Get more training examples

Lastly, you can try to minimize the cross validation error by getting more examples. In the cell below, you will train a 4th degree polynomial model then plot the learning curve of your model to see how the errors behave when you get more examples.

Code
# Prepare the dataset
x_train, y_train, x_cv, y_cv, x_test, y_test = utils.prepare_dataset('data/c2w3_lab2_data4.csv')
print(f"the shape of the entire training set (input) is: {x_train.shape}")
print(f"the shape of the entire training set (target) is: {y_train.shape}\n")
print(f"the shape of the entire cross validation set (input) is: {x_cv.shape}")
print(f"the shape of the entire cross validation set (target) is: {y_cv.shape}\n")

# Instantiate the model class
model = LinearRegression()

# Define the degree of polynomial and train the model using subsets of the dataset.
utils.train_plot_learning_curve(model, x_train, y_train, x_cv, y_cv, degree= 4, baseline=250)
the shape of the entire training set (input) is: (600, 2)
the shape of the entire training set (target) is: (600,)
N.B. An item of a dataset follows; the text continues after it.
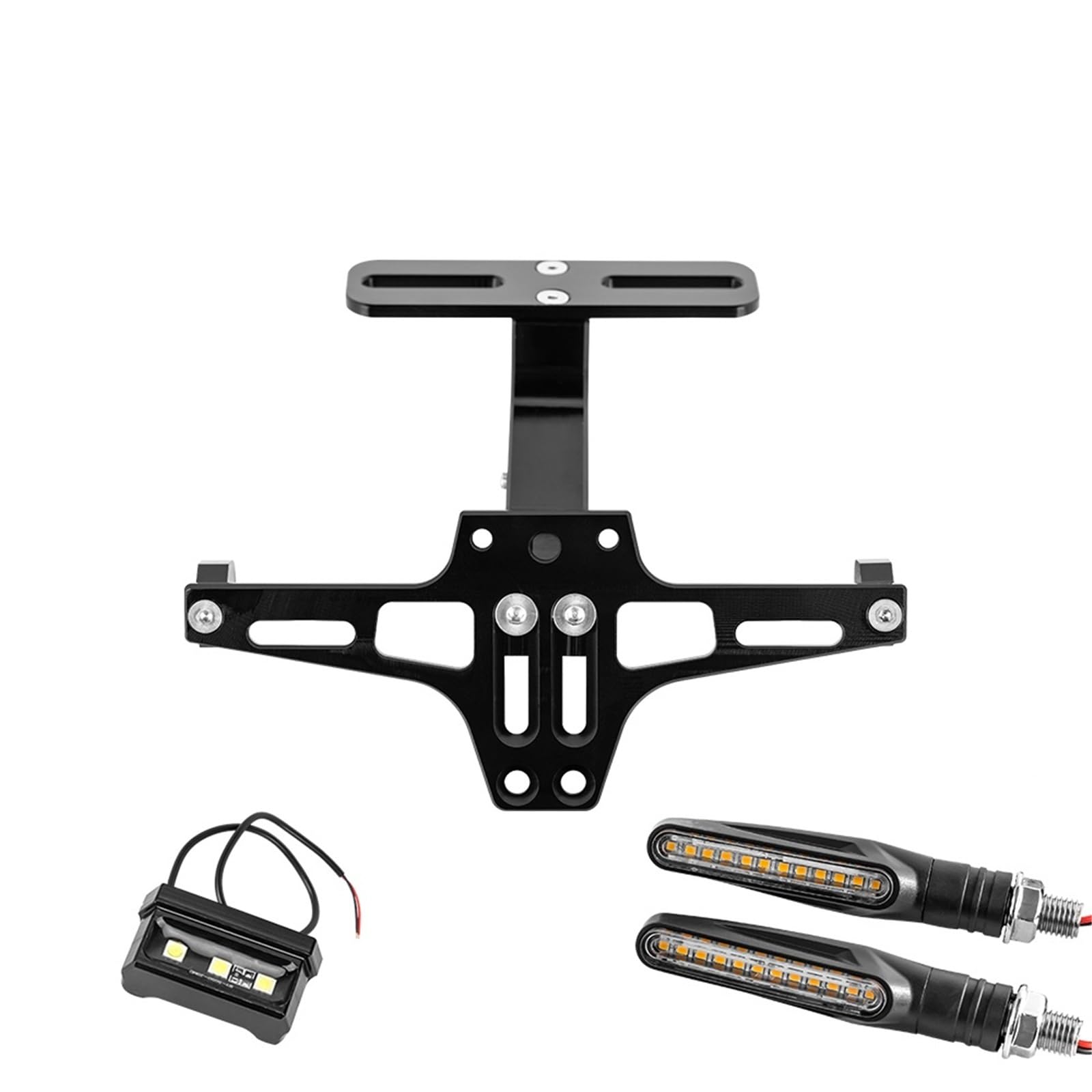 Kennzeichenhalter Passend für Duke 125 200 390 790 990 1190. Kennzeichenhalterhalterung mit LED-Licht, Zubehör. Nummernschild Rahmen(A Set and 2pcs Light) von CQJJXKYC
the shape of the entire cross validation set (input) is: (200, 2)
the shape of the entire cross validation set (target) is: (200,)

From the results, it shows that the cross validation error starts to approach the training error as you increase the dataset size. Another insight you can get from this is that adding more examples will not likely solve a high bias problem. That’s because the training error remains relatively flat even as the dataset increases.